[Date Prev][Date Next][Thread Prev][Thread Next][Date Index][Thread Index]
Mitigating human error in the SP
- Subject: Mitigating human error in the SP
- From: nanog at 85d5b20a518b8f6864949bd940457dc124746ddc.nosense.org (Mark Smith)
- Date: Tue, 2 Feb 2010 23:46:29 +1030
- In-reply-to: <[email protected]>
- References: <[email protected]>
On Mon, 1 Feb 2010 21:21:52 -0500
Chadwick Sorrell <mirotrem at gmail.com> wrote:
> Hello NANOG,
>
> Long time listener, first time caller.
>
> A recent organizational change at my company has put someone in charge
> who is determined to make things perfect. We are a service provider,
> not an enterprise company, and our business is doing provisioning work
> during the day. We recently experienced an outage when an engineer,
> troubleshooting a failed turn-up, changed the ethertype on the wrong
> port losing both management and customer data on said device. This
> isn't a common occurrence, and the engineer in question has a pristine
> track record.
>
Why didn't the customer have a backup link if their service was so
important to them and indirectly your upper management? If your
upper management are taking this problem that seriously, then your
*sales people* didn't do their job properly - they should be ensuring
that customers with high availability requirements have a backup link,
or aren't led to believe that the single-point-of-failure service will
be highly available.
> This outage, of a high profile customer, triggered upper management to
> react by calling a meeting just days after. Put bluntly, we've been
> told "Human errors are unacceptable, and they will be completely
> eliminated. One is too many."
>
If upper management don't understand that human error is a risk factor
that can't be completely eliminated, then I suggest "self-eliminating"

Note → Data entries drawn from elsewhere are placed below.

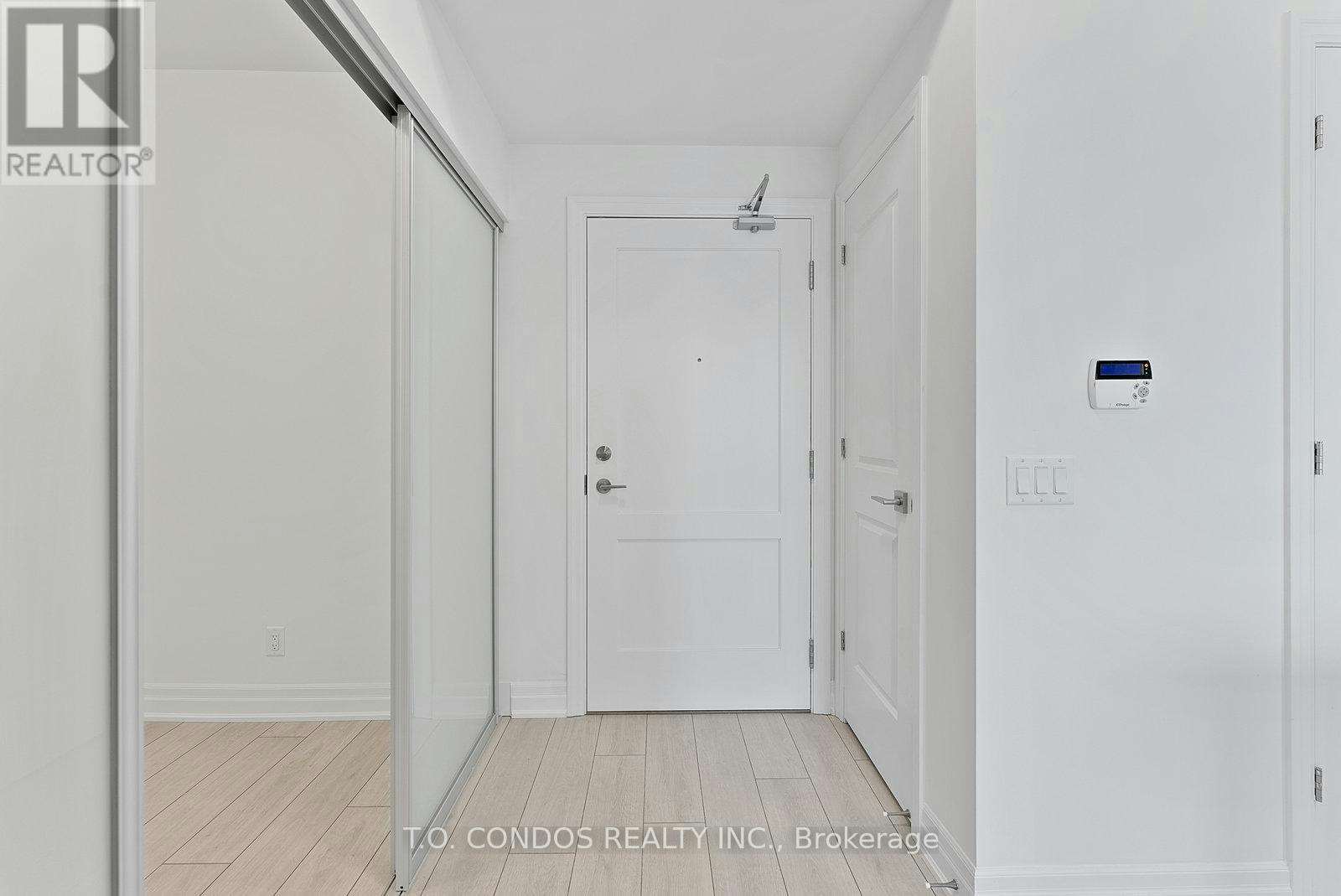 505-30 Elm Drive W, Mississauga, ON, L5B 1L9 - 4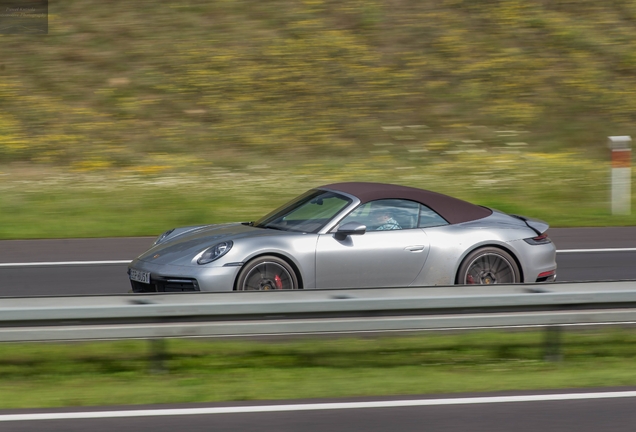 Porsche 992 Carrera 4S Cabriolet
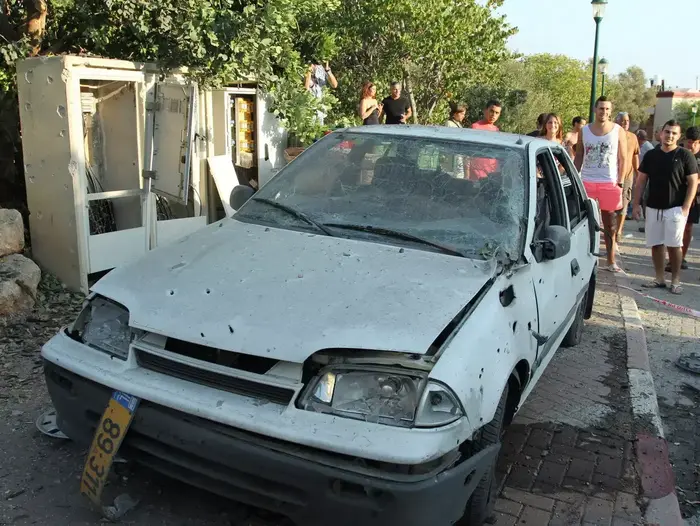 קטיושות בצפון (אדריאן הרבשטיין) קטיושות בצפון (אדריאן הרבשטיין)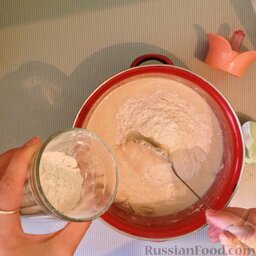 Хлебные сырные палочки: Добавить остальную муку и замесить тесто.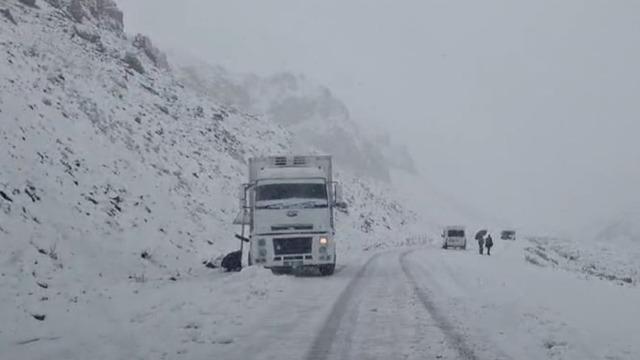 Her yer beyaza büründü! Araçlar yolda kaldı... Kar altında zincir mesaisi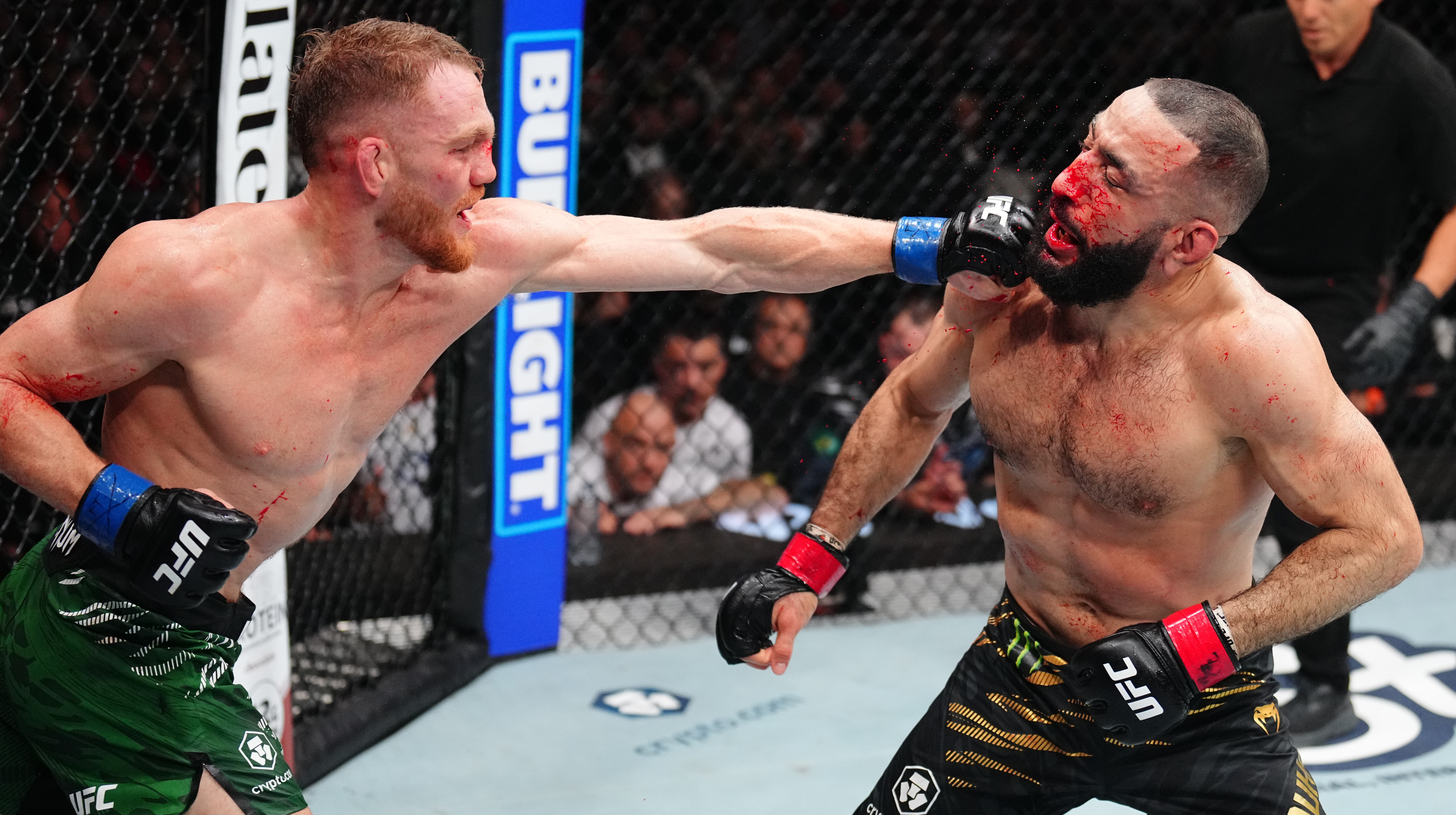 Мухаммад в первой защите потерял титул чемпиона UFC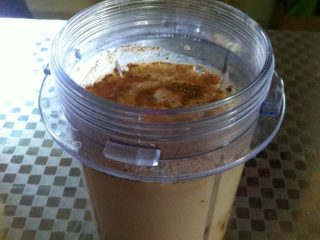 10、南瓜派,把派陷所需的材料全部放入料理机中混合均匀。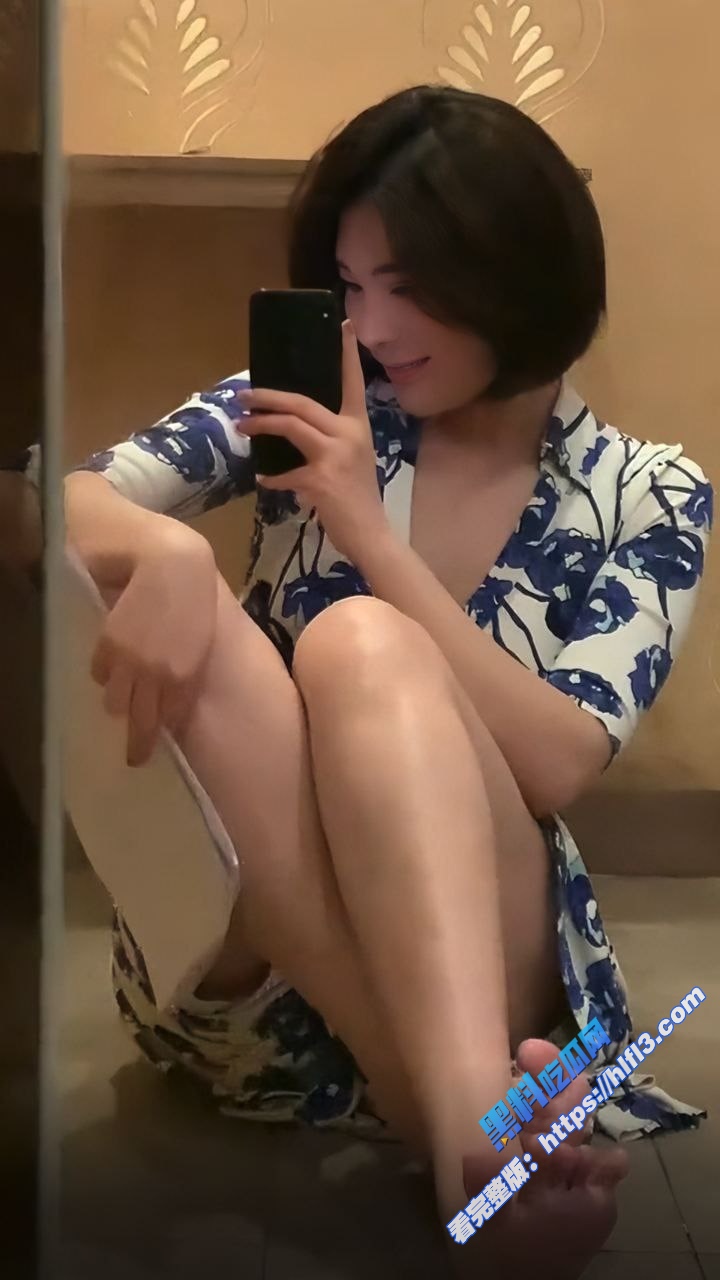情人节约炮北京海淀小学老师 杨淑晴 极品人妻 又饥渴又会玩 40岁的老肥逼太降火了！3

and find yourself a job somewhere else. The only way you'll avoid
human error having any impact on production services is to not change
anything - which pretty much means not having a job anyway ...
> I am asking the respectable NANOG engineers....
>
> What measures have you taken to mitigate human mistakes?
>
> Have they been successful?
>
> Any other comments on the subject would be appreciated, we would like
> to come to our next meeting armed and dangerous.
>
> Thanks!
> Chad
>